(EXCERPTED DATA Opens)
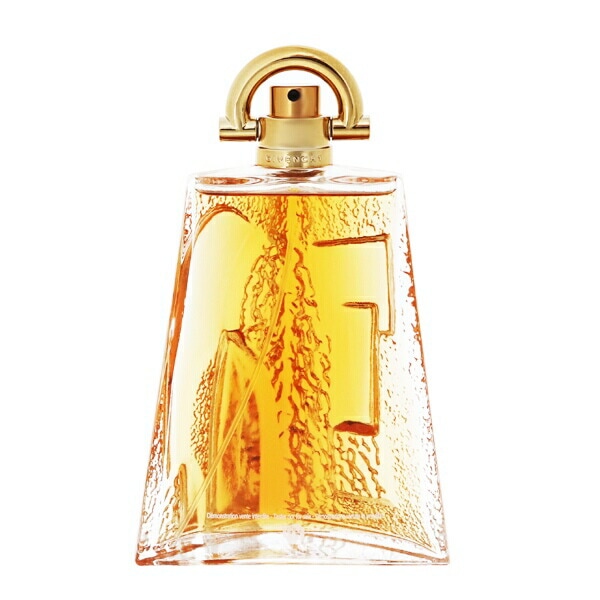 パイ （テスター） EDT SP 100ml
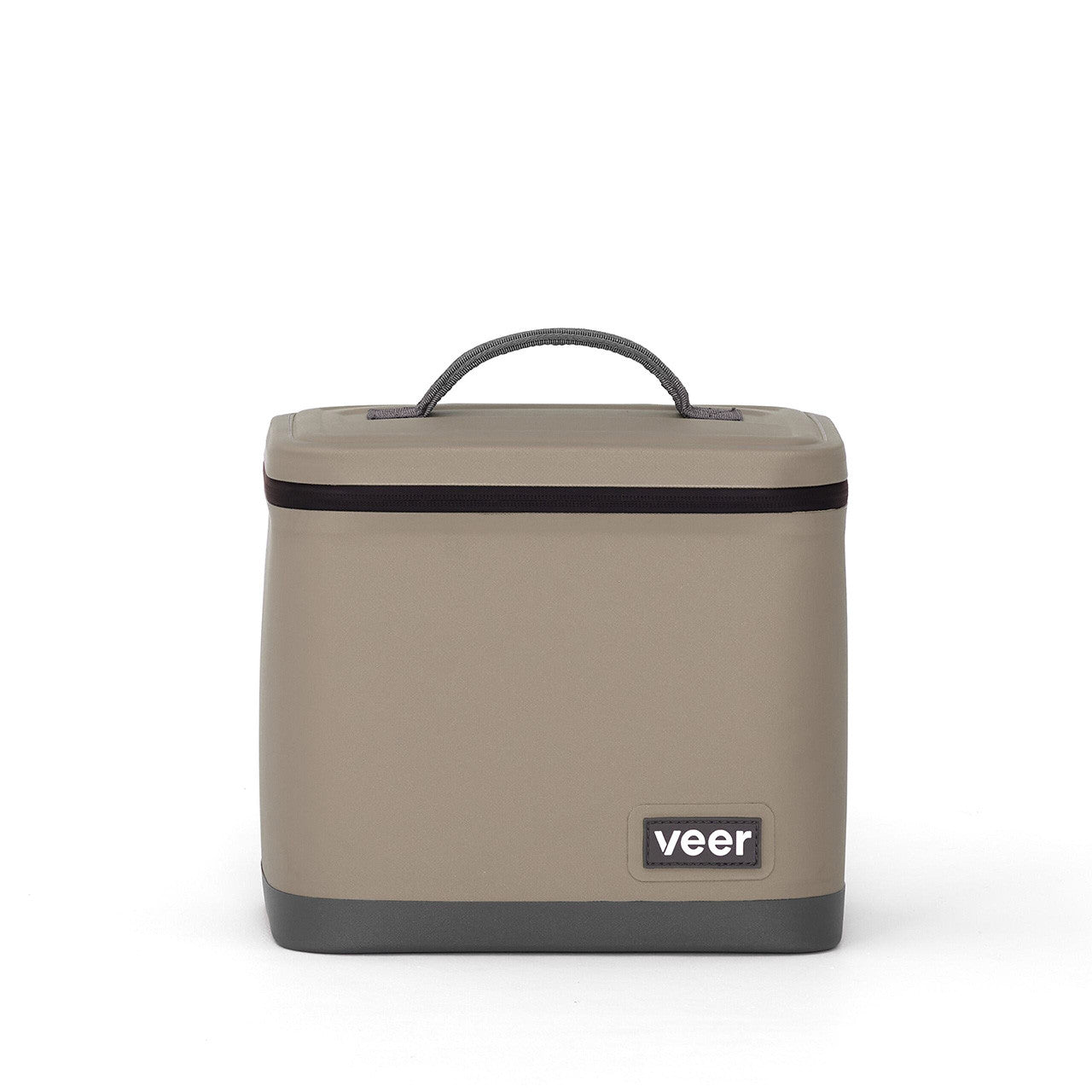 Veer Lunch Cooler- Bambi Baby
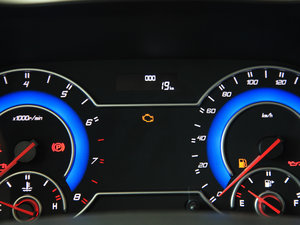 20171.5T 7քӘ˜ п؅^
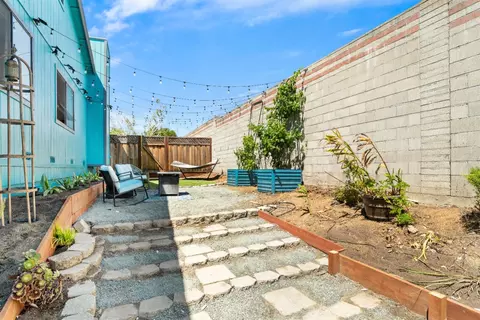 3636 Dormer Ave, Concord, CA 94519 photo 41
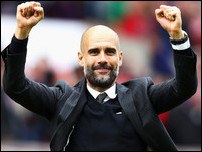 ����� ���������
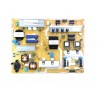 Samsung UE60JU6072U POWER BOARD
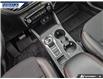 2025 Ford Escape ST-Line (Stk: 27686) in Dartmouth - Image 16 of 24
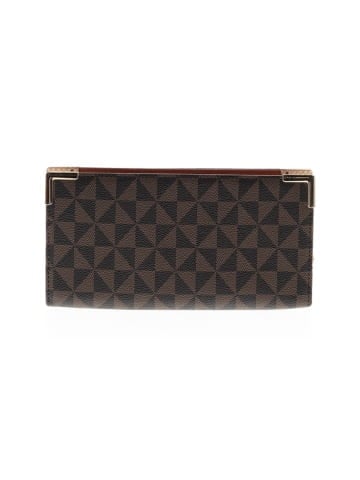 Unbranded Wallet (view 1)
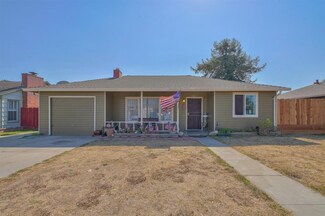 340 Reata St, Salinas, CA 93906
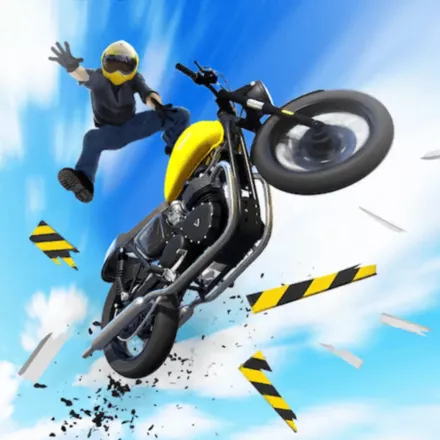 Top Bike: Racing & Moto Drag  Aplicações de download da Nintendo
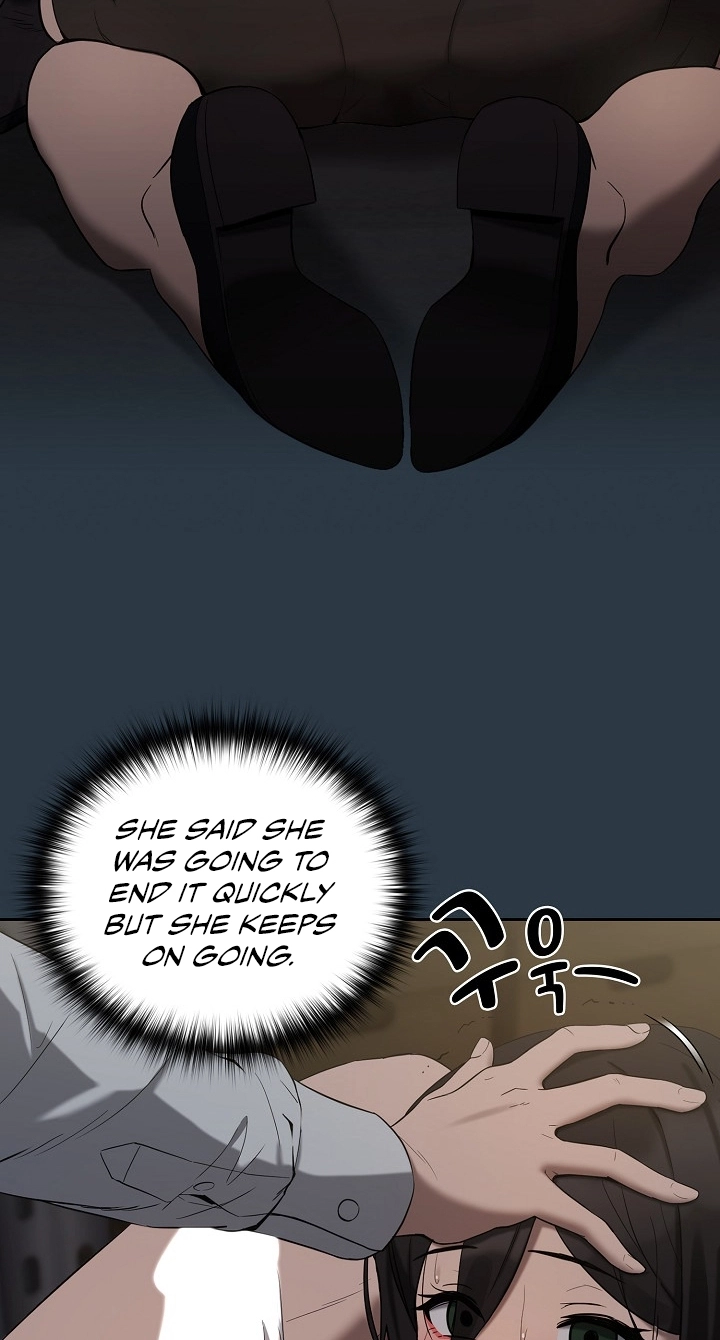 Read Dating After Work chapter 10 image 50 on Lezhin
(EXCERPTED DATA Closes)
__WHAT THE EXERCISE ASKS__. Your task is to repeat the listing exactly while omitting its pictures.

__ANSWER TO THIS PROBLEM__.
 パイ （テスター） EDT SP 100ml
 Veer Lunch Cooler- Bambi Baby
 20171.5T 7քӘ˜ п؅^
 3636 Dormer Ave, Concord, CA 94519 photo 41
 ����� ���������
 Samsung UE60JU6072U POWER BOARD
 2025 Ford Escape ST-Line (Stk: 27686) in Dartmouth - Image 16 of 24
 Unbranded Wallet (view 1)
 340 Reata St, Salinas, CA 93906
 Top Bike: Racing & Moto Drag  Aplicações de download da Nintendo
 Read Dating After Work chapter 10 image 50 on Lezhin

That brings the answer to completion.